▶ **What the task requires**: Keep the images out while you retype all of the data exactly.

▶ **Data provided**:
____________________

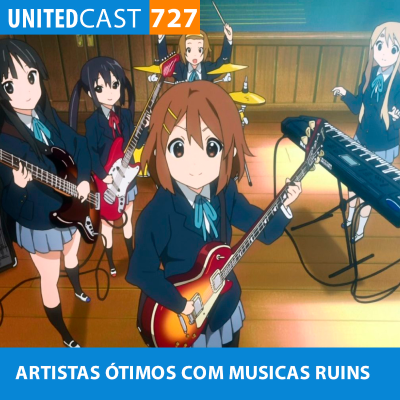 episode UNITEDcast #727 - ARTISTAS de ANIMES ÓTIMOS com MUSICAS RUINS artwork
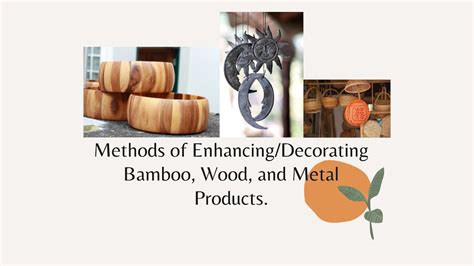 Methods Of Enhancing Decorating Bamboo Products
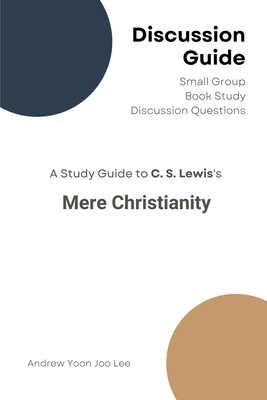 Discussion Guide for Mere Christianity: Small Group Book Study Discussion Questions - Andrew Yoon Joo Lee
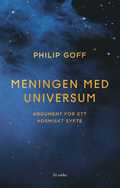 Meningen med universum : Argument f�r ett kosmiskt syfte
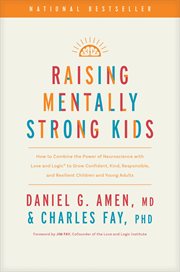 Raising Mentally Strong Kids : How to Combine the Power of Neuroscience with Love and Logic to Grow Confident, Kind, Responsible, a cover image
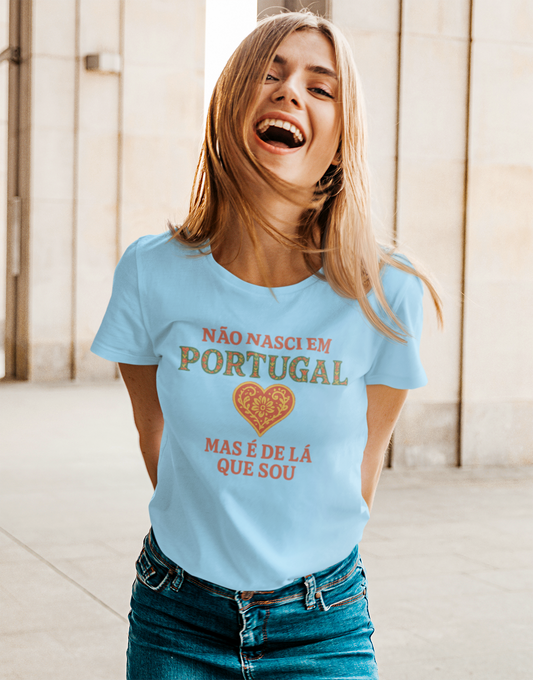 Não nasci em Portugal, mas é de lá que sou - T-shirt Unissexo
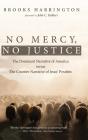 No Mercy, No Justice - Preview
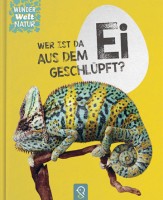Wer ist da aus dem Ei geschlüpft? Wer ist da aus dem Ei geschlüpft?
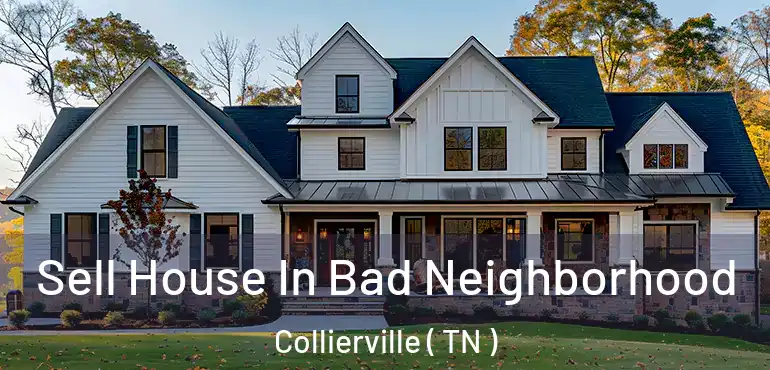  Sell House In Bad Neighborhood Collierville ( TN )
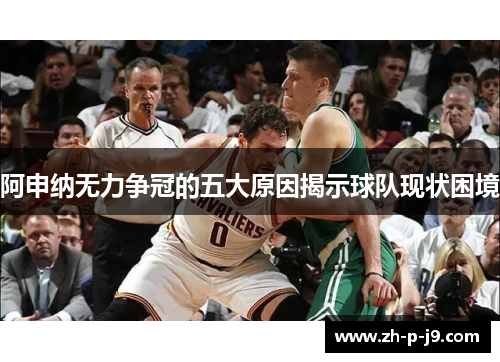 阿申纳无力争冠的五大原因揭示球队现状困境 阿申纳无力争冠的五大原因揭示球队现状困境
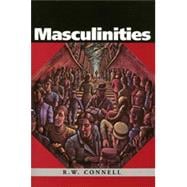 Masculinities : Knowledge, Power and Social Change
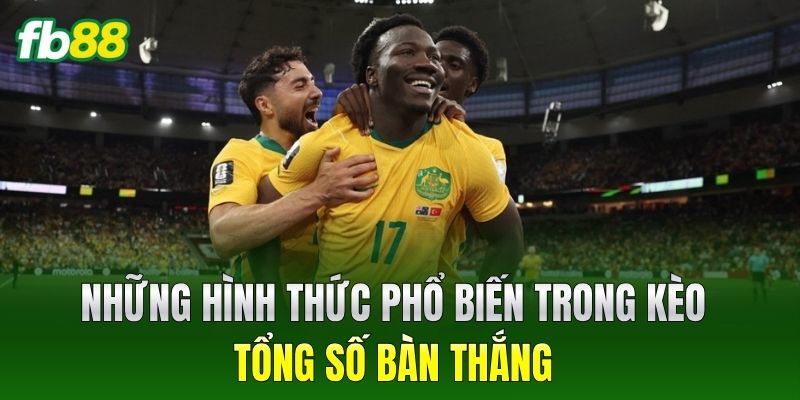 Những hình thức phổ biến trong Kèo Tổng Số Bàn Thắng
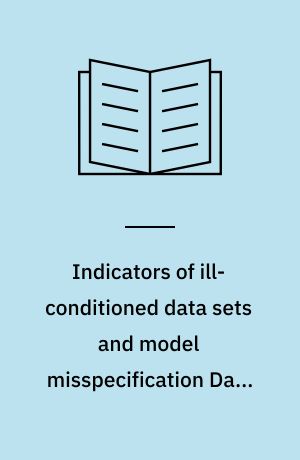 Indicators of ill-conditioned data sets and model misspecification Data Envelopment Analysis : aggregation as a potential remedy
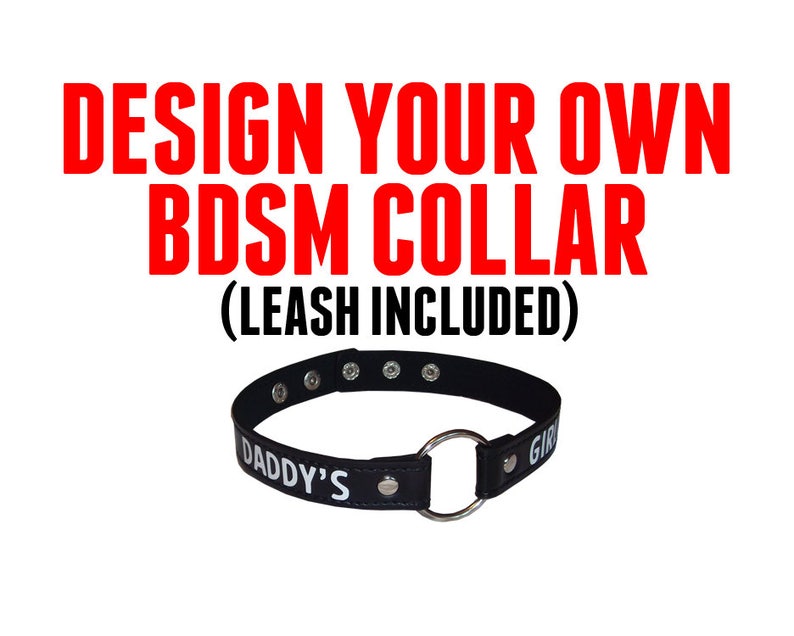 Custom BDSM Collar Choker with Leash Included. Design Your Own Text & Colors. Necklace Slave Daddy's Girl Master Submissive Pet Master Gift 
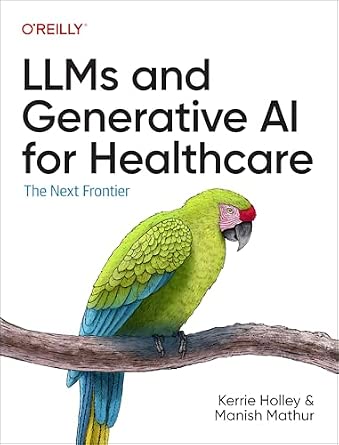LLMs and Generative AI for Healthcare: The Next Frontier LLMs and Generative AI for Healthcare: The Next Frontier book cover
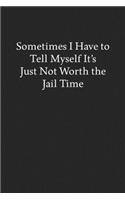 Sometimes I Have to Tell Myself It's Just Not Worth the Jail Time: Blank Funny Lined Journal - Black Sarcastic Notebook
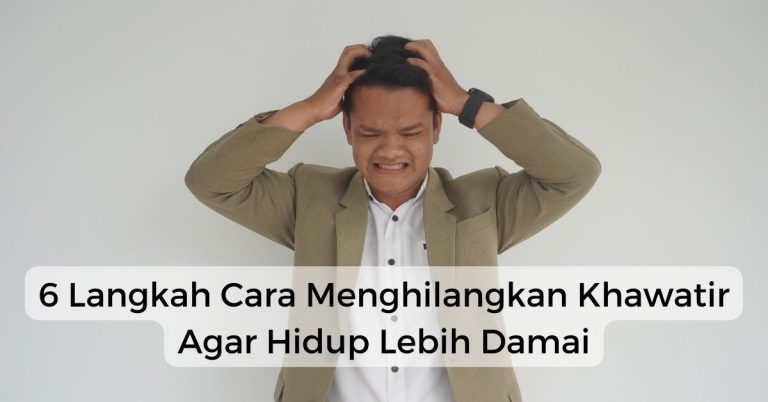 cara menghilangkan khawatir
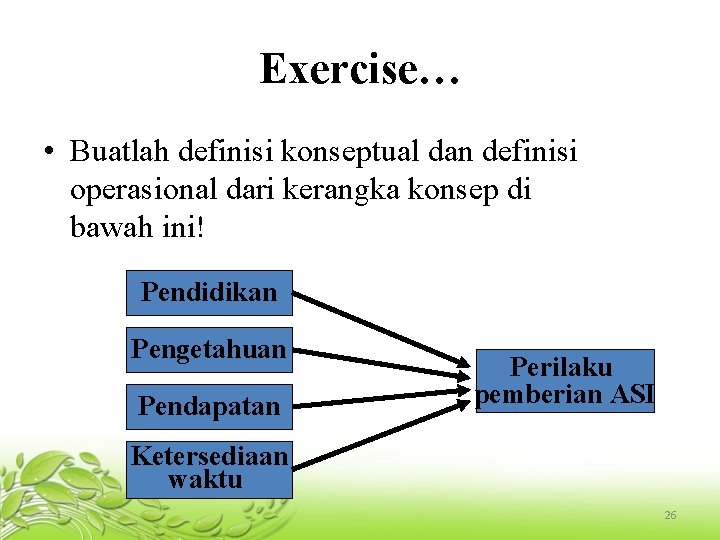 Exercise… • Buatlah definisi konseptual dan definisi operasional dari kerangka konsep di bawah ini!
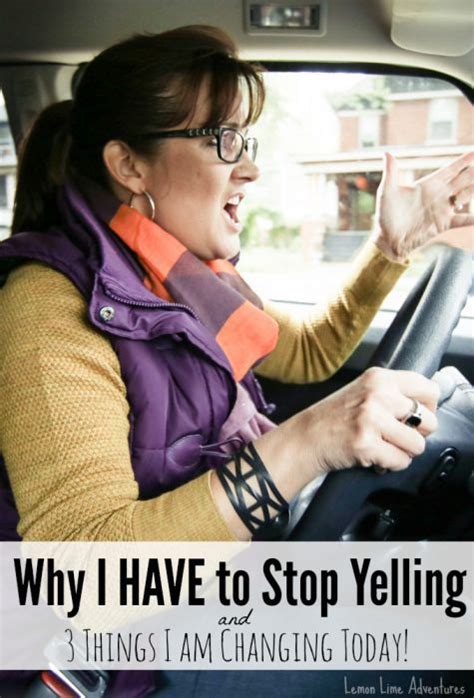 3 Changes I Am Making To Stop Yelling Today I Am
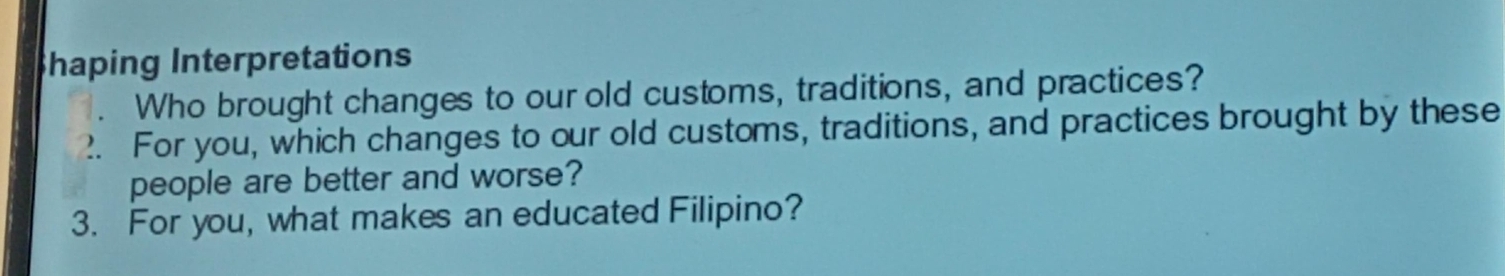 Shaping Interpretations 
. Who brought changes to our old customs, traditions, and practices? 
2. For you, which changes to our old customs, traditions, and practices brought by these 
people are better and worse? 
3. For you, what makes an educated Filipino?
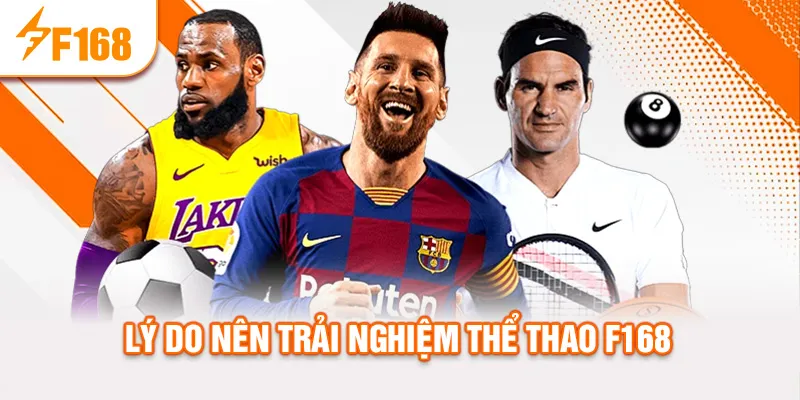 Lý do nên trải nghiệm thể thao f168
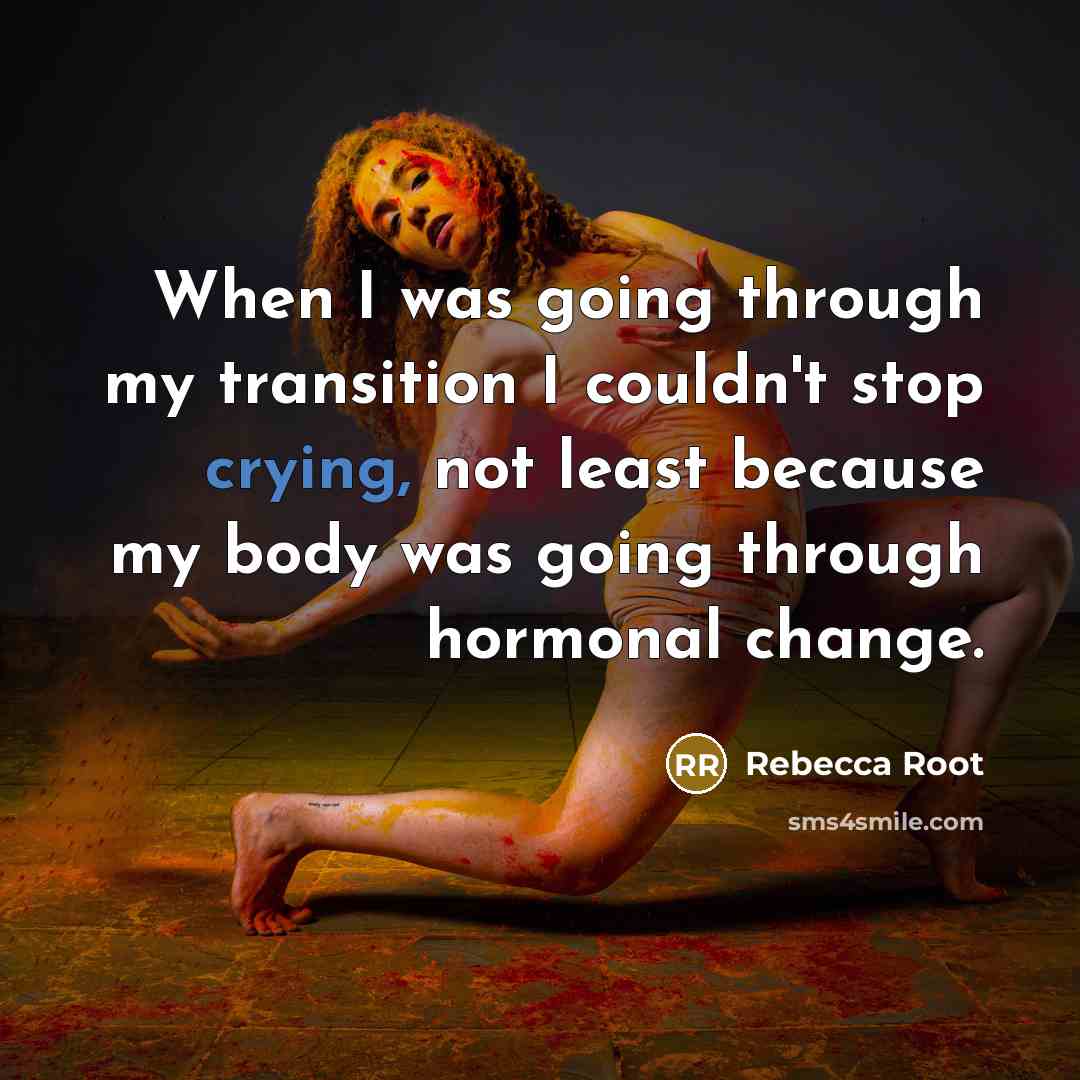“When I was going through my transition I couldn't stop crying, not least because my body was going through hormonal change.” quote by Rebecca Root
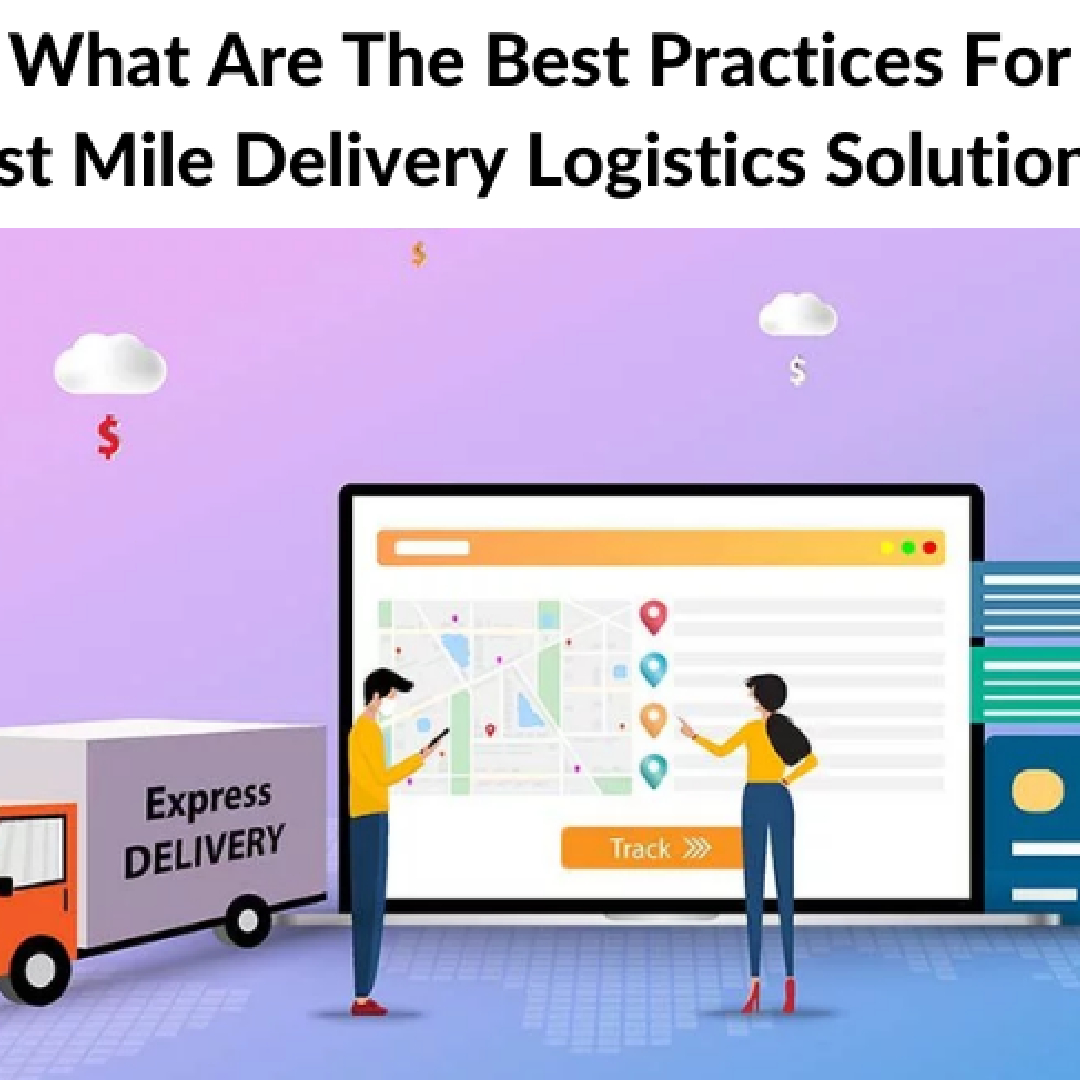 Last-Mile Delivery Solutions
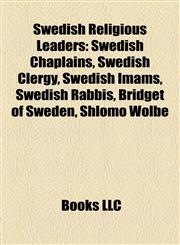 Swedish Religious Leaders Swedish Chaplains, Swedish Clergy, Swedish Imams, Swedish Rabbis, Bridget of Sweden, Shlomo Wolbe,1157957382,9781157957386
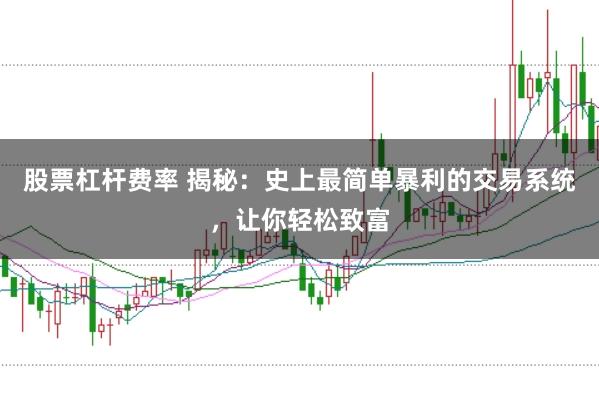 股票杠杆费率 揭秘：史上最简单暴利的交易系统，让你轻松致富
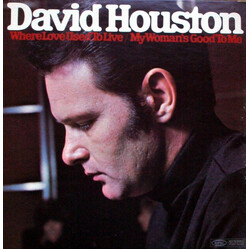 David Houston Where Love Used To Live / My Woman's Good To Me Vinyl LP USED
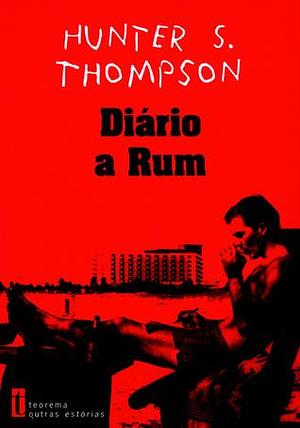 Diario a rum by Hunter S. Thompson, Hunter S. Thompson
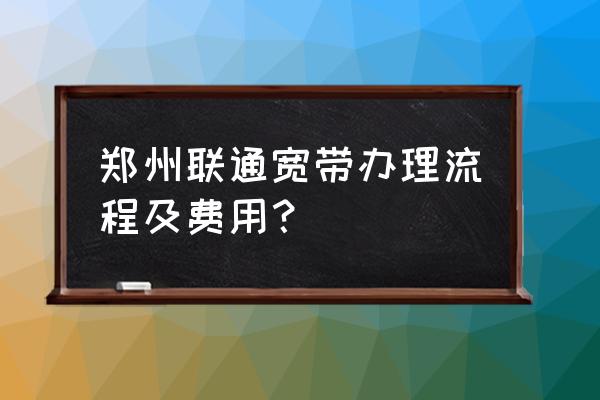 郑州联通宽带怎么办理 郑州联通宽带办理流程及费用？
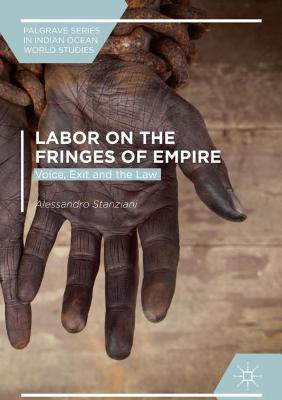 Labor on the Fringes of Empire(English, Hardcover, Stanziani Alessandro)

____________________

▶ **Problem solution**:
 episode UNITEDcast #727 - ARTISTAS de ANIMES ÓTIMOS com MUSICAS RUINS artwork
 Methods Of Enhancing Decorating Bamboo Products
 Discussion Guide for Mere Christianity: Small Group Book Study Discussion Questions - Andrew Yoon Joo Lee
 Meningen med universum : Argument f�r ett kosmiskt syfte
 Raising Mentally Strong Kids : How to Combine the Power of Neuroscience with Love and Logic to Grow Confident, Kind, Responsible, a cover image
 Não nasci em Portugal, mas é de lá que sou - T-shirt Unissexo
 No Mercy, No Justice - Preview
Wer ist da aus dem Ei geschlüpft? Wer ist da aus dem Ei geschlüpft?
  Sell House In Bad Neighborhood Collierville ( TN )
 阿申纳无力争冠的五大原因揭示球队现状困境 阿申纳无力争冠的五大原因揭示球队现状困境
 Masculinities : Knowledge, Power and Social Change
 Những hình thức phổ biến trong Kèo Tổng Số Bàn Thắng
 Indicators of ill-conditioned data sets and model misspecification Data Envelopment Analysis : aggregation as a potential remedy
 Custom BDSM Collar Choker with Leash Included. Design Your Own Text & Colors. Necklace Slave Daddy's Girl Master Submissive Pet Master Gift 
LLMs and Generative AI for Healthcare: The Next Frontier LLMs and Generative AI for Healthcare: The Next Frontier book cover
 Sometimes I Have to Tell Myself It's Just Not Worth the Jail Time: Blank Funny Lined Journal - Black Sarcastic Notebook
 cara menghilangkan khawatir
 Exercise… • Buatlah definisi konseptual dan definisi operasional dari kerangka konsep di bawah ini!
 3 Changes I Am Making To Stop Yelling Today I Am
 Shaping Interpretations 
. Who brought changes to our old customs, traditions, and practices? 
2. For you, which changes to our old customs, traditions, and practices brought by these 
people are better and worse? 
3. For you, what makes an educated Filipino?
 Lý do nên trải nghiệm thể thao f168
“When I was going through my transition I couldn't stop crying, not least because my body was going through hormonal change.” quote by Rebecca Root
 Last-Mile Delivery Solutions
 Swedish Religious Leaders Swedish Chaplains, Swedish Clergy, Swedish Imams, Swedish Rabbis, Bridget of Sweden, Shlomo Wolbe,1157957382,9781157957386
 股票杠杆费率 揭秘：史上最简单暴利的交易系统，让你轻松致富
 David Houston Where Love Used To Live / My Woman's Good To Me Vinyl LP USED
 Diario a rum by Hunter S. Thompson, Hunter S. Thompson
 郑州联通宽带怎么办理 郑州联通宽带办理流程及费用？
 Labor on the Fringes of Empire(English, Hardcover, Stanziani Alessandro)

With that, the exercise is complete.